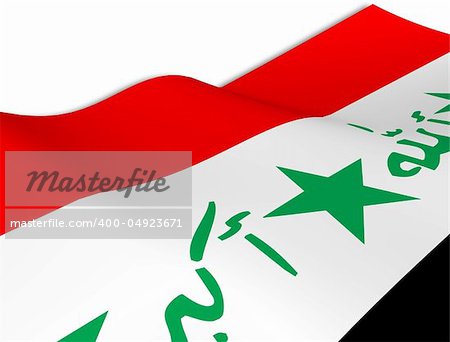 flag of iraq. close up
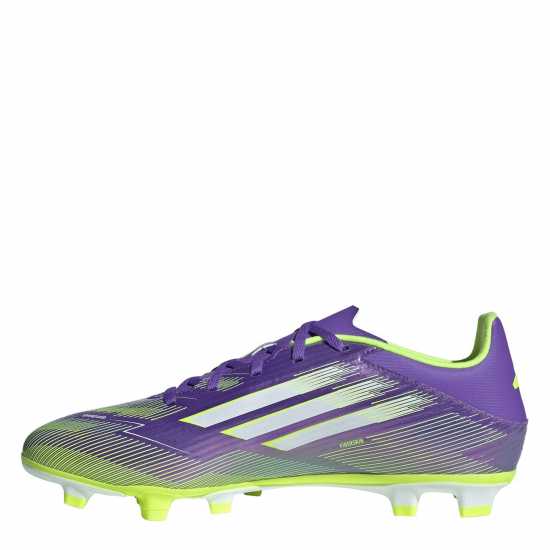 Adidas F50 Club Adults Firm Ground Football Boots Purple/White Мъжки футболни бутонки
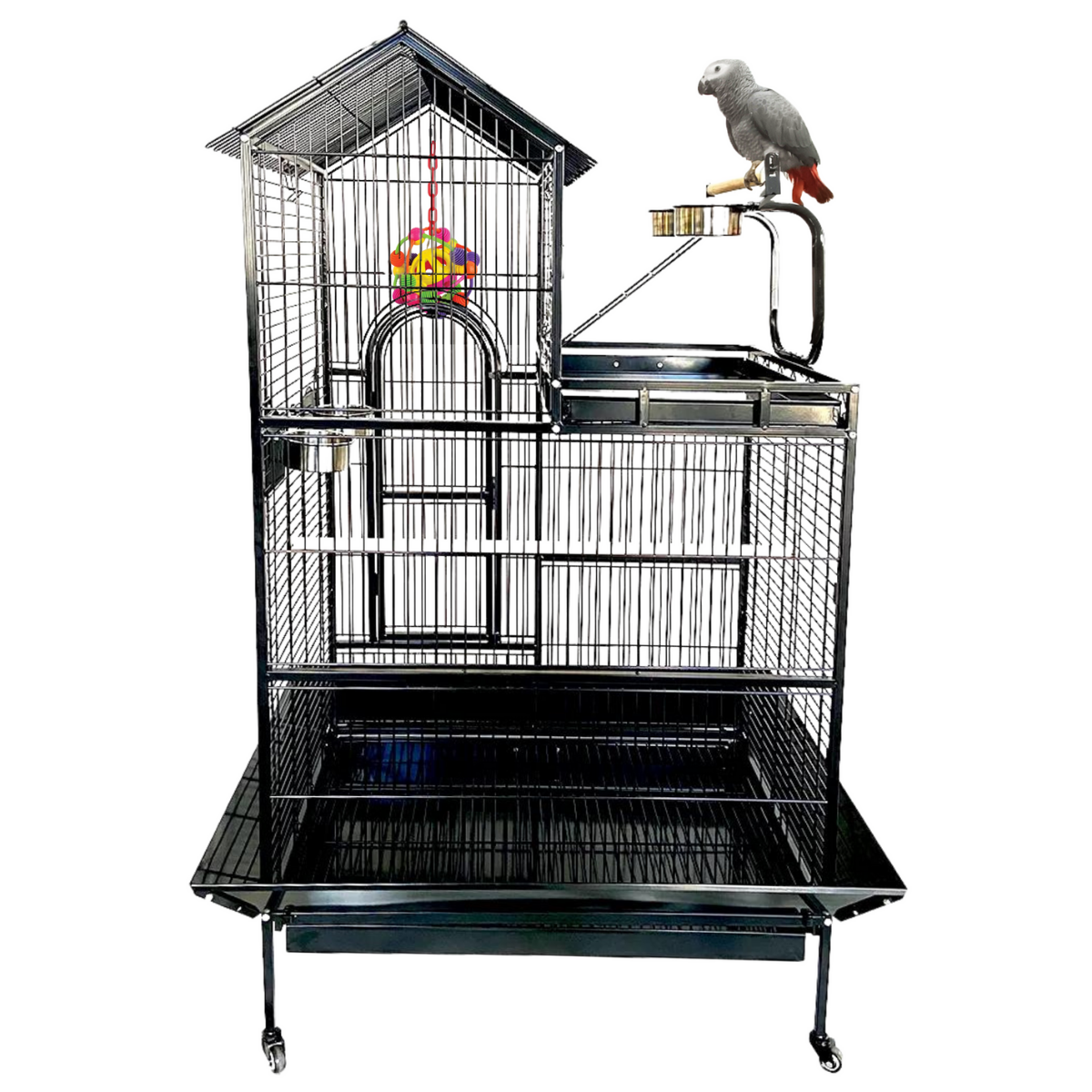 extra large parrot playground cage peak roof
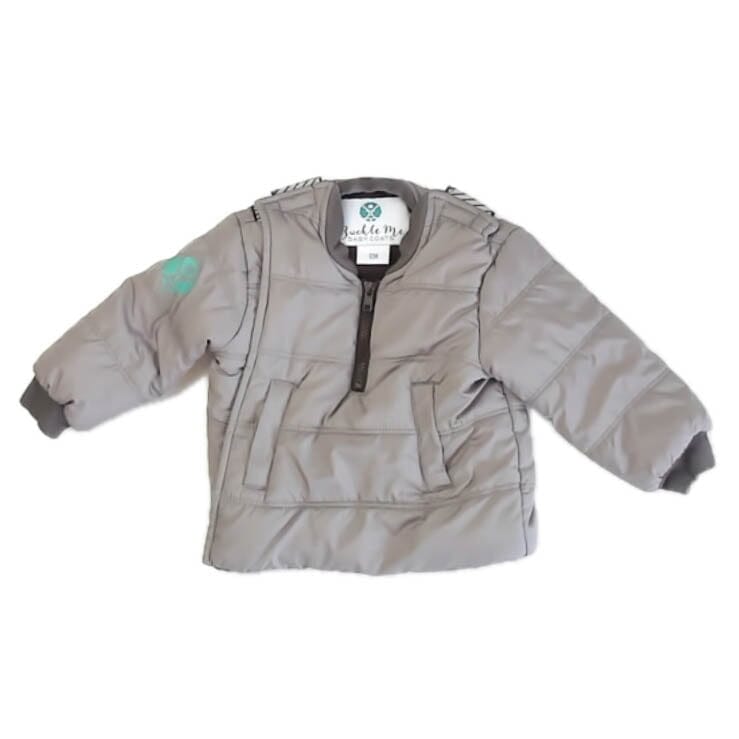 Final Sale Pre-Owned Car Seat Coat Gray Toast Gray Toast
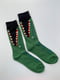 Носки зеленые с принтом | 5106979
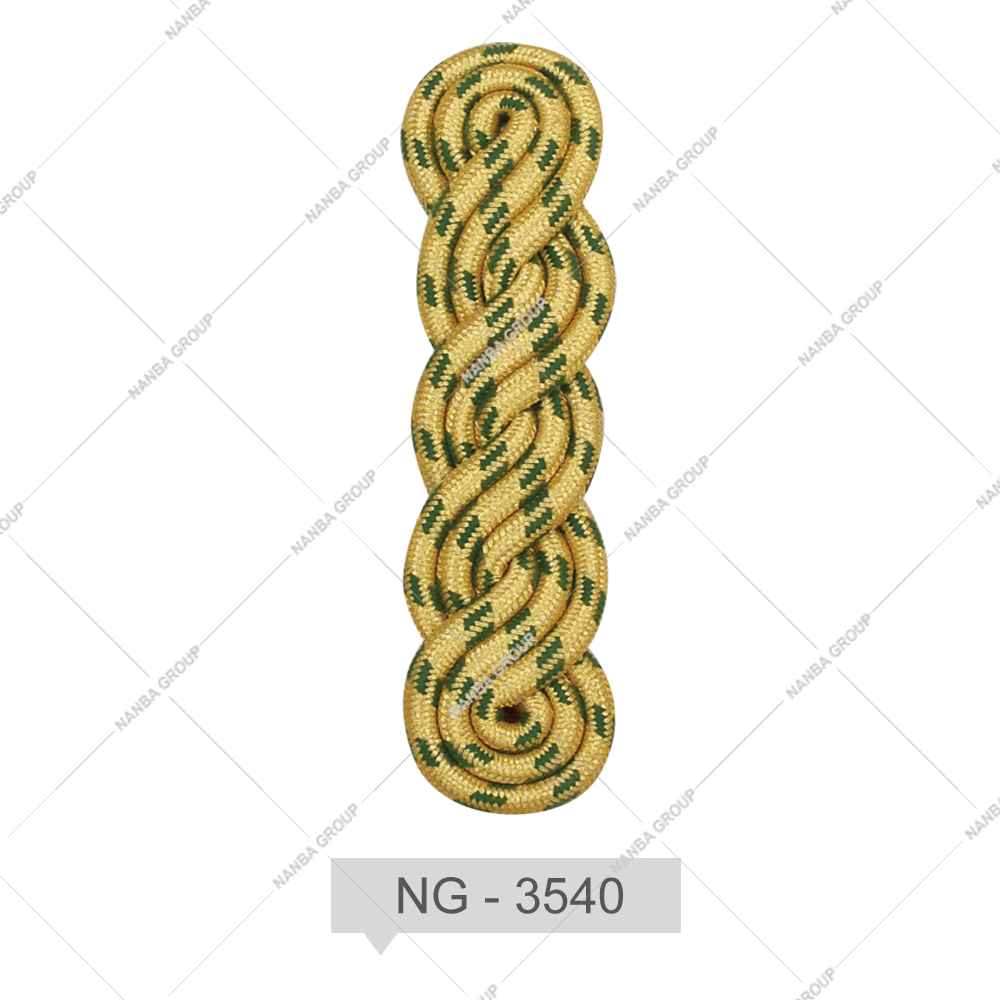 NG - 3540 Epaulettes Embroidery Patch Uniform Accessories Custom Logo Style Plain Shoulder Board Eco-Friendly Promotional Office Products - Image 1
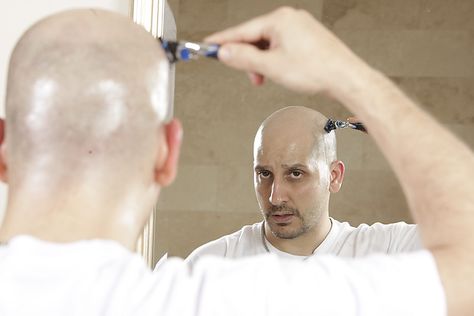 Shave your head like a pro via http://przman.com/grooming/shave-your-head-like-a-pro/ Shave Your Head, Bald Guy, Shaved Hair Cuts, Shaving Your Head, Bald Men, Bald Heads, Shaved Head, About Hair, Men's Grooming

#####

What is expected>
Please write out the material from the line containing "NG - 3540 Epaulettes" to its final line, both inclusive, exactly as it appears; pictures are not part of the copy.

Exercise output>
 NG - 3540 Epaulettes Embroidery Patch Uniform Accessories Custom Logo Style Plain Shoulder Board Eco-Friendly Promotional Office Products - Image 1
 Shave your head like a pro via http://przman.com/grooming/shave-your-head-like-a-pro/ Shave Your Head, Bald Guy, Shaved Hair Cuts, Shaving Your Head, Bald Men, Bald Heads, Shaved Head, About Hair, Men's Grooming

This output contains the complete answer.